Once again, the Benin Royal Family emphasized the need for the return of the artefacts which were stolen by the British in 1897. Princess Theresa Evbakhavbokun Erediauwa stated that she wants to build a secure museum in Benin. She and the Nigerian officials there asked for support in recovering the artefacts back through diplomatic channels. She wanted her family heirlooms back. These objects tell the story of her family.

Chief Esosa Godwin Eghobamien stated that the presence on the artworks in Benin would provide more and better context. Visitors to exhibitions where these objects are displayed often do not even know where Benin is and it would be better if they came to see where the artefacts were produced and thus see where civilization started in Africa.

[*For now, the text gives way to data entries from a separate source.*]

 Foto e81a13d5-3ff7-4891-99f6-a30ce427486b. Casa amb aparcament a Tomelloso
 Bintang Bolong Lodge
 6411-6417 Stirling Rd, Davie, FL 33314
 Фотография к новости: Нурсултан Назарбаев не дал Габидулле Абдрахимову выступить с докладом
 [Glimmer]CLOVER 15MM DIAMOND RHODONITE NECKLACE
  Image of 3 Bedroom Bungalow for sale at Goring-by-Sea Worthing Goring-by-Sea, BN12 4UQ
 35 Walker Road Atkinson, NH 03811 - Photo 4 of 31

Kingsley Ehi, a real estate manager in Chicago and head of the Edo Arts and Cultural Heritage expressed the hope that these artefacts will soon be returned home.

Despite the sad story of the looting of the Benin bronzes, Prince Ademola Iyi-Eweka was impressed by the exhibition; he would like the artworks to be returned. The world should know that Benin has survived despite losing the war against the British. Diplomatic efforts are being made to secure the Benin bronzes but if that fails, steps would be taken to institute legal proceedings.

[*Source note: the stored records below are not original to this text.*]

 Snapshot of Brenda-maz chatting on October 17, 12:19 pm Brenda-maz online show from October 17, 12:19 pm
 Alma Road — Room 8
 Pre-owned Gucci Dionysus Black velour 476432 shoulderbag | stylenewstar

James Cuno, Director of the Art Institute of Chicago, responded to the please of the Nigerian representatives by saying that the Art Institute of Chicago which is not involved, only possesses half a dozen Benin works of art which are beautiful and important. The encyclopaedic museum allowed art works from various countries to be seen at one place and their interconnections. He was concerned by the trend towards consolidating art from a particular time or place in a single location. A dispersal of the objects enables more people to see the objects and also reduces the risk of calamity. Despite all this, Cuno stated that if there were a request for the return of the Benin objects, the Art Institute of Chicago would consider it seriously.

Cuno’s statement must be considered as noteworthy of attention, coming from a man considered by man as the defender of the “universal museum”’ a guru for all those who believe nothing should leave the British Museum and similar “universal museums.” (3) Cuno has made repeated attacks on those he calls “nationalist retentionists”for claiming ownership in ancient artefacts of ancient peoples with whom they have nothing in common except that they occupy the same territory as the ancient civilizations.

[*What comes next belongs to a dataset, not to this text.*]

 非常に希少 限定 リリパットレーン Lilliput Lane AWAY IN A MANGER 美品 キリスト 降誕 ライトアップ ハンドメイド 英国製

The report on Cuno’s statement is sketchy and we do not have his exact words. We do not know whether he repeated his usual criticism of those claiming restitution in his abrasive style in presence of the Royal Family of Benin and the Nigerian officials. If the statements attributed to him are to be believed, then Cuno has made a small but significant shift in his stand. He did not dismiss outright such claims but is willing to consider such claims. Willingness to consider does not imply acceptance of the claim but it at least shows an admission that such claims may be valid in some cases.

We do not have the full text of Cuno’s statement and may never have it since it appears to be the policy or practice of this exhibition not to publish the full text of statements made at the opening. I still have not seen any text of statements made in Vienna, Paris or Berlin. This is an interesting practice in a scholarly matter.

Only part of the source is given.